DATA BLOCK:
*** Begin section ***

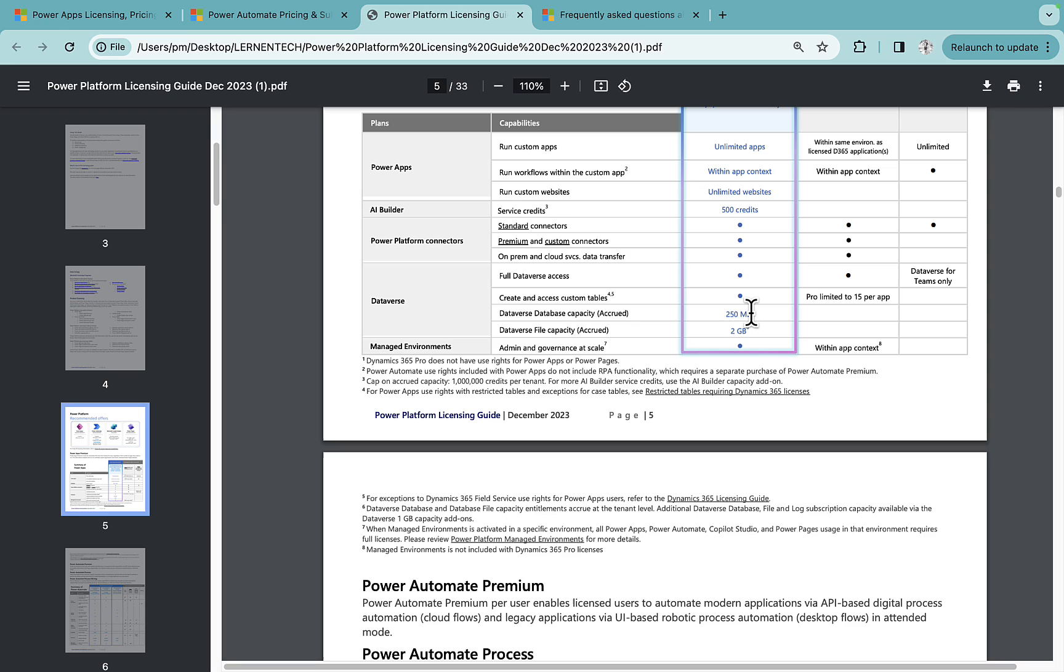So it is pooled at the tenant level. So if you consume 100 MB at one environment, 100 at another, and 50 at the another one, you will be able to use it like that. And another important thing to add here is whenever you purchase any premium license, means a Power Apps premium license.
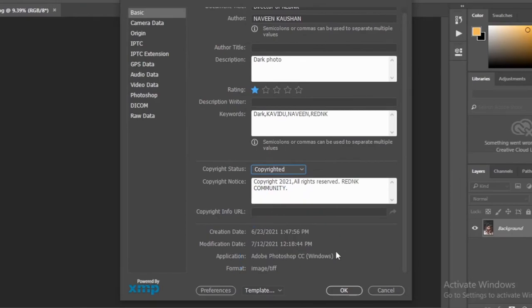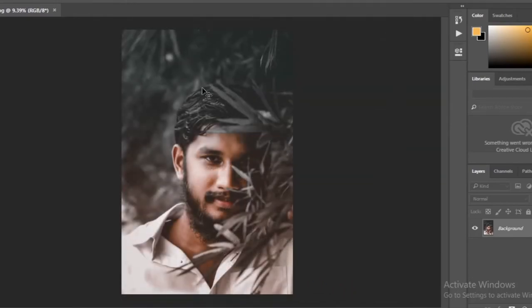And then click OK. Then save the image in a way that is convenient for you.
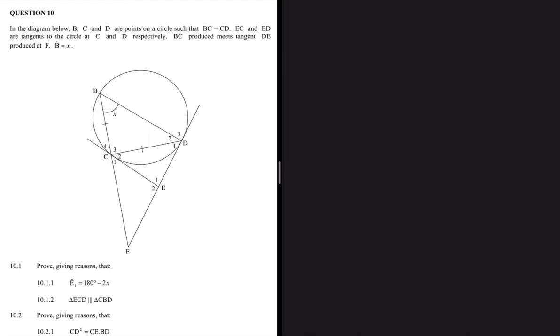When we did questions 8 and 9 we realized that you can answer all the questions using only the keywords in the statement. We're going to apply the same idea to this question. It says that in the diagram below, BCD are points on a circle such that BC equals CD. EC and ED are tangents. Tangent is a keyword because we have a theorem that talks about it — the tan-chord theorem. It goes on to say that BC produced meets tangent DE produced at F, and angle B equals x.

*** End section ***

WORK INSTRUCTIONS: Without including a single picture, restate all of the data word for word.

TASK ANSWER:
So it is pooled at the tenant level. So if you consume 100 MB at one environment, 100 at another, and 50 at the another one, you will be able to use it like that. And another important thing to add here is whenever you purchase any premium license, means a Power Apps premium license.
And then click OK. Then save the image in a way that is convenient for you.
When we did questions 8 and 9 we realized that you can answer all the questions using only the keywords in the statement. We're going to apply the same idea to this question. It says that in the diagram below, BCD are points on a circle such that BC equals CD. EC and ED are tangents. Tangent is a keyword because we have a theorem that talks about it — the tan-chord theorem. It goes on to say that BC produced meets tangent DE produced at F, and angle B equals x.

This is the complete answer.